*What is required*
The copy must run from the line containing "Рюкзак CoolPack Pick" through the final line of the records, both included, exactly as written. It should contain no pictures.
____ Recorded data
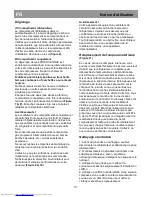 Preview for 19 page of Beko CNA 32421 Instructions For Use Manual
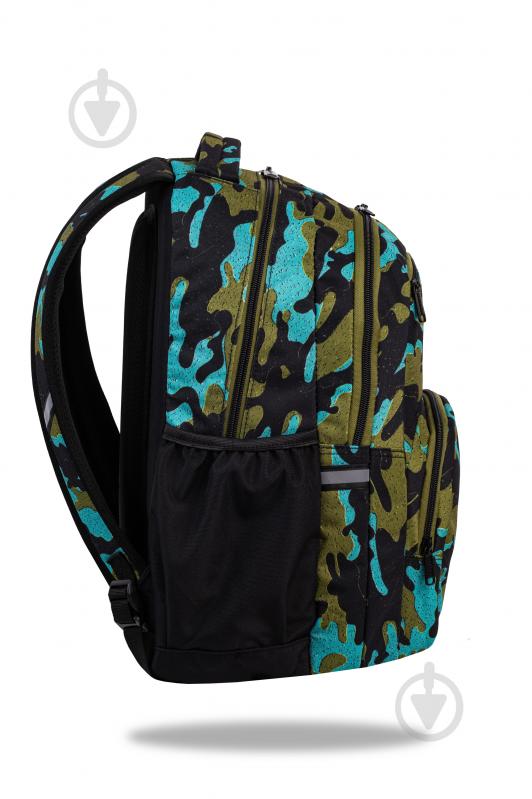 Рюкзак CoolPack Pick Air Force 41х30х16 см - фото 2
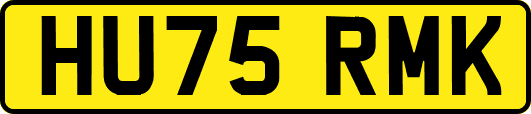 HU75RMK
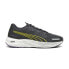 Фото #1 товара Puma Velocity Nitro 2 Gtx Running Womens Black Sneakers Athletic Shoes 37750804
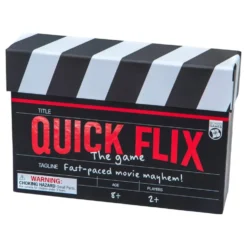 Quick Flix Frågespel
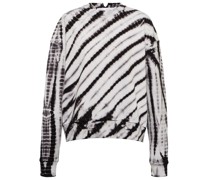 Proenza Schouler White Label Sweatshirt aus Baumwolle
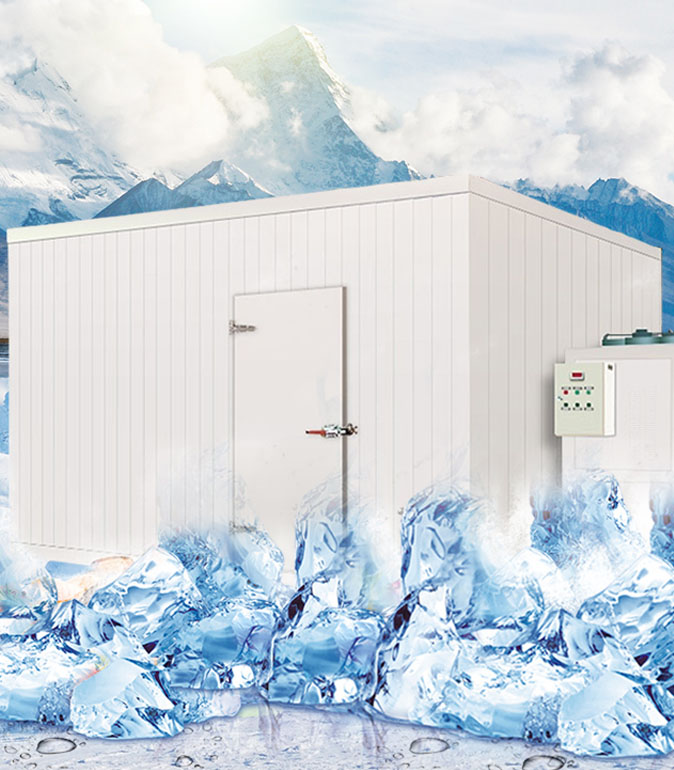 COLD STORAGE ROOM & 50 TIPS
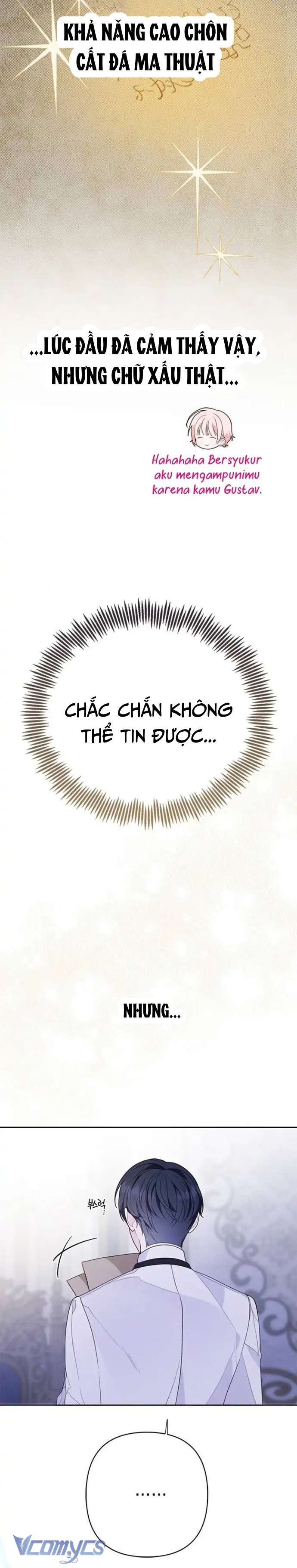 Bạo Chúa Bé Con Chapter 27 - Next Chapter 27.1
________
*Output for this exercise*
 Рюкзак CoolPack Pick Air Force 41х30х16 см - фото 2
 HU75RMK
 Фото #1 товара Puma Velocity Nitro 2 Gtx Running Womens Black Sneakers Athletic Shoes 37750804
 Quick Flix Frågespel
 Proenza Schouler White Label Sweatshirt aus Baumwolle
 COLD STORAGE ROOM & 50 TIPS
 Bạo Chúa Bé Con Chapter 27 - Next Chapter 27.1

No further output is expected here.